_GIVEN RECORDS_
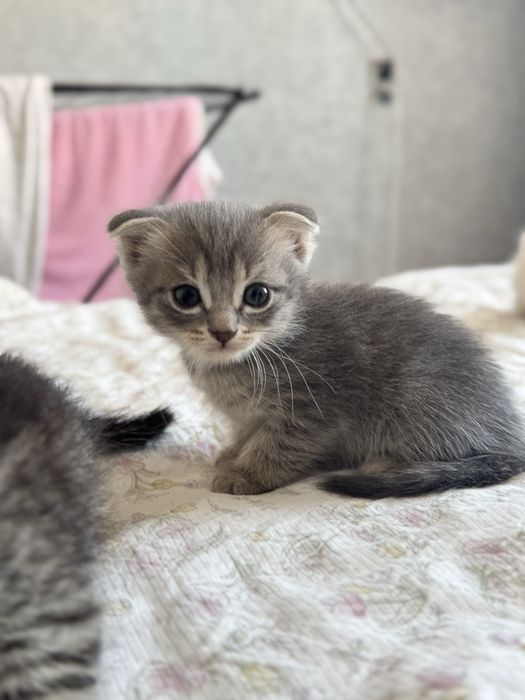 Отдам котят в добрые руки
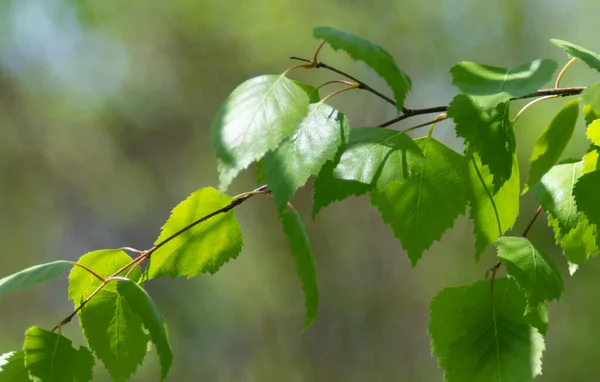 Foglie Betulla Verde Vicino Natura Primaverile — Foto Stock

...

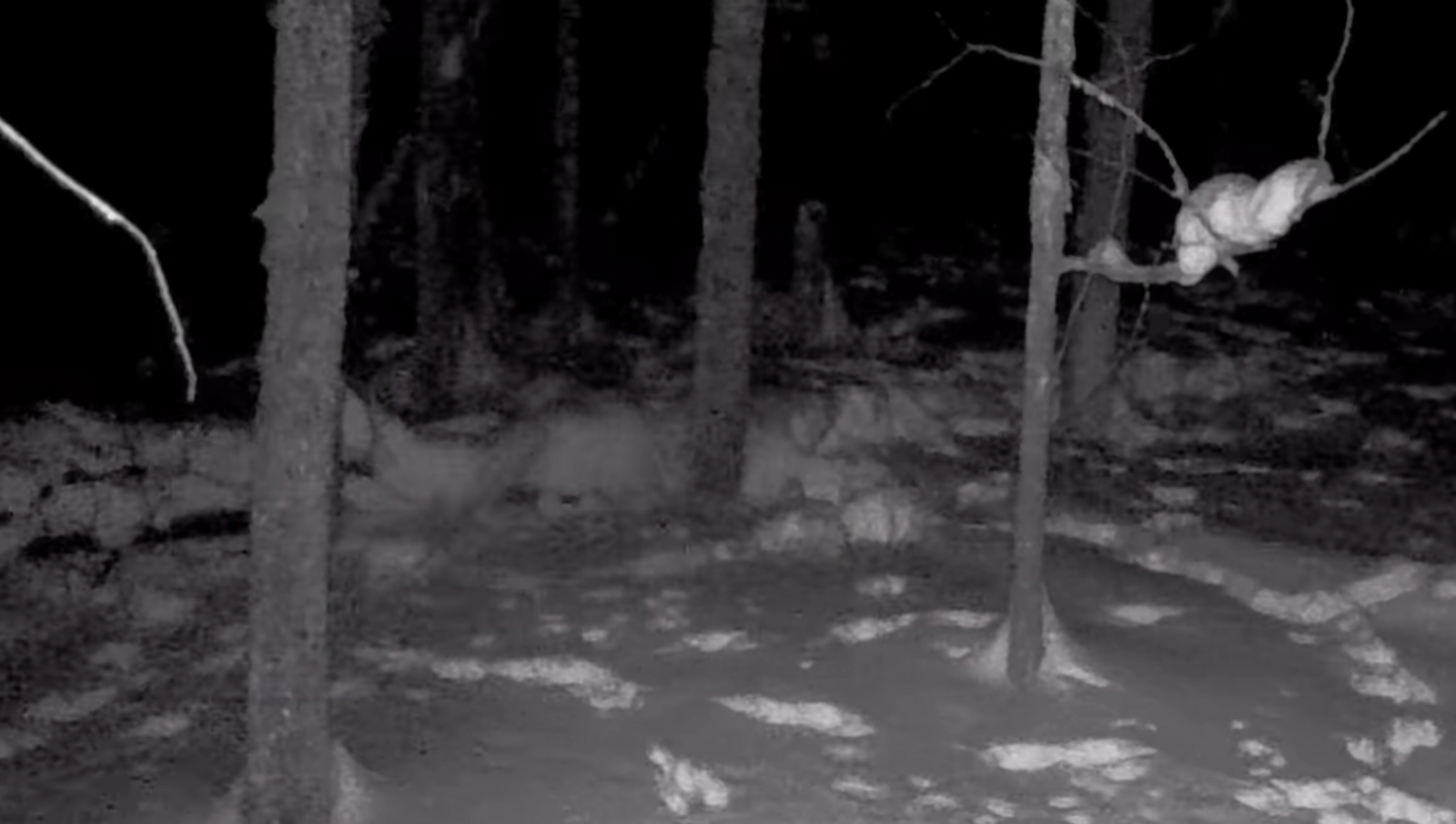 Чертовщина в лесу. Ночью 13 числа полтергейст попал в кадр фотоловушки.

...

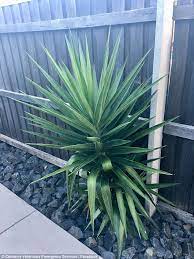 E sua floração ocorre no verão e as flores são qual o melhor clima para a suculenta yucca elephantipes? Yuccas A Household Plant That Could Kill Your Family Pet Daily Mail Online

_WHAT IS REQUIRED_
From the records above, copy only the lines running from the line containing "Отдам котят в добрые руки" to the line containing "Foglie Betulla Verde", both ends included. Leave the pictures out.

_ANSWER BELOW_
 Отдам котят в добрые руки
 Foglie Betulla Verde Vicino Natura Primaverile — Foto Stock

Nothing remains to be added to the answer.